Rise in life expectancy has stalled since 2010, research shows

A century-long rise in life expectancy has stalled since 2010 when austerity brought about deep cuts in NHS and social care spending, according to research by a former government adviser on the links between poverty and ill-health.

Life expectancy at birth had been going up so fast that women were gaining an extra year of life every five years and men an additional 12 months every three-and-a-half years.

But those trends have almost halved since ministers made a “political decision” in 2010 to reduce the amount of money it put into the public sector, said Sir Michael Marmot.
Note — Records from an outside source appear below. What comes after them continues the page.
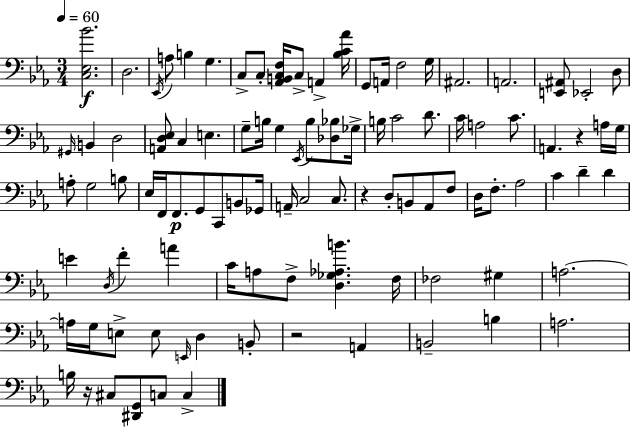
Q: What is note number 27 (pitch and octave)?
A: B3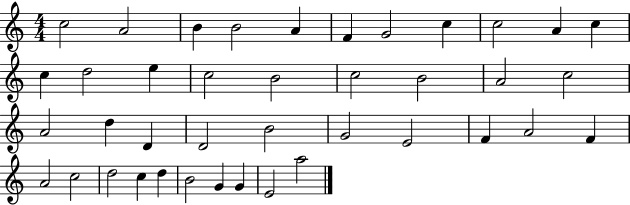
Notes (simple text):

C5/h A4/h B4/q B4/h A4/q F4/q G4/h C5/q C5/h A4/q C5/q C5/q D5/h E5/q C5/h B4/h C5/h B4/h A4/h C5/h A4/h D5/q D4/q D4/h B4/h G4/h E4/h F4/q A4/h F4/q A4/h C5/h D5/h C5/q D5/q B4/h G4/q G4/q E4/h A5/h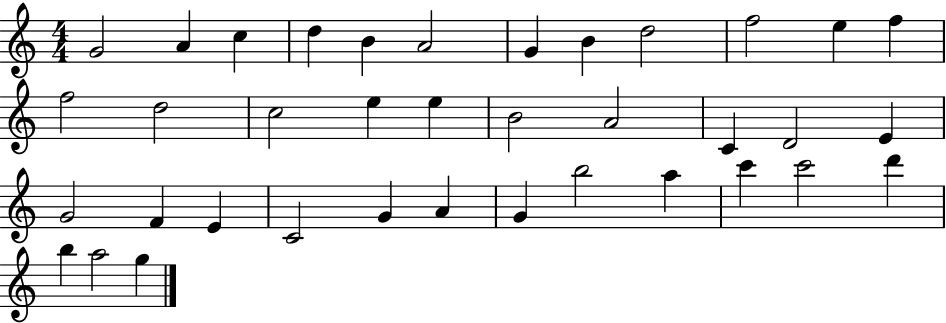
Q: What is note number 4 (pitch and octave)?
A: D5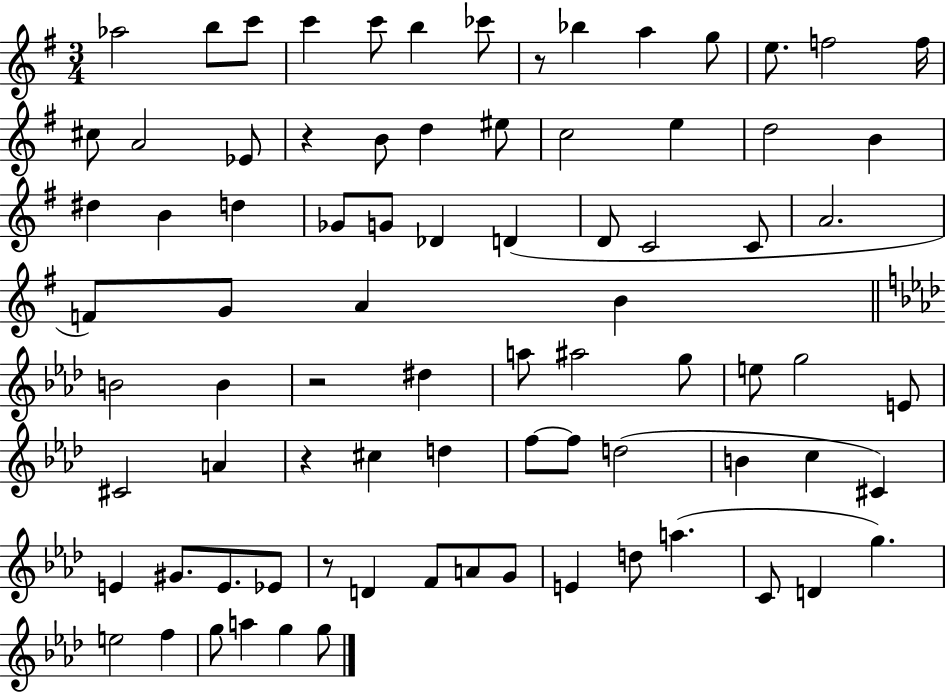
X:1
T:Untitled
M:3/4
L:1/4
K:G
_a2 b/2 c'/2 c' c'/2 b _c'/2 z/2 _b a g/2 e/2 f2 f/4 ^c/2 A2 _E/2 z B/2 d ^e/2 c2 e d2 B ^d B d _G/2 G/2 _D D D/2 C2 C/2 A2 F/2 G/2 A B B2 B z2 ^d a/2 ^a2 g/2 e/2 g2 E/2 ^C2 A z ^c d f/2 f/2 d2 B c ^C E ^G/2 E/2 _E/2 z/2 D F/2 A/2 G/2 E d/2 a C/2 D g e2 f g/2 a g g/2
The upward trend in longer life that began in Britain just after the first world war has slowed so dramatically that women now only gain an extra year after a decade while for men the same gain now takes six years to arrive.

The rate of increase was “pretty close to having ground to a halt”, Marmot said.

“I am deeply concerned with the levelling off; I expected it to just keep getting better. Since 2009-2015 it’s pretty flat, whereas we are used to it getting better and better all the time,” added Marmot, who published a major review of health inequalities for Gordon Brown’s Labour government in early 2010.

In 1919 men lived for an average of 52.5 years and women for 56.1 years. That rose to 64.1 years and 68.7 years respectively by 1946. Life expectancy then rose in an almost unbroken gradual upward curve to 77.1 years for men and 81.4 years for women in 2005 and again to 78.7 and 82.6 in 2010, the year David Cameron’s Conservative-Liberal Democrat coalition took office.

Since then life expectancy has continued to creep upwards, but at a slower rate, according to Marmot’s latest analysis. In 2015 average life expectancy in Britain was 79.6 years for men and 83.1 years for women, according to the latest Office for National Statistics data.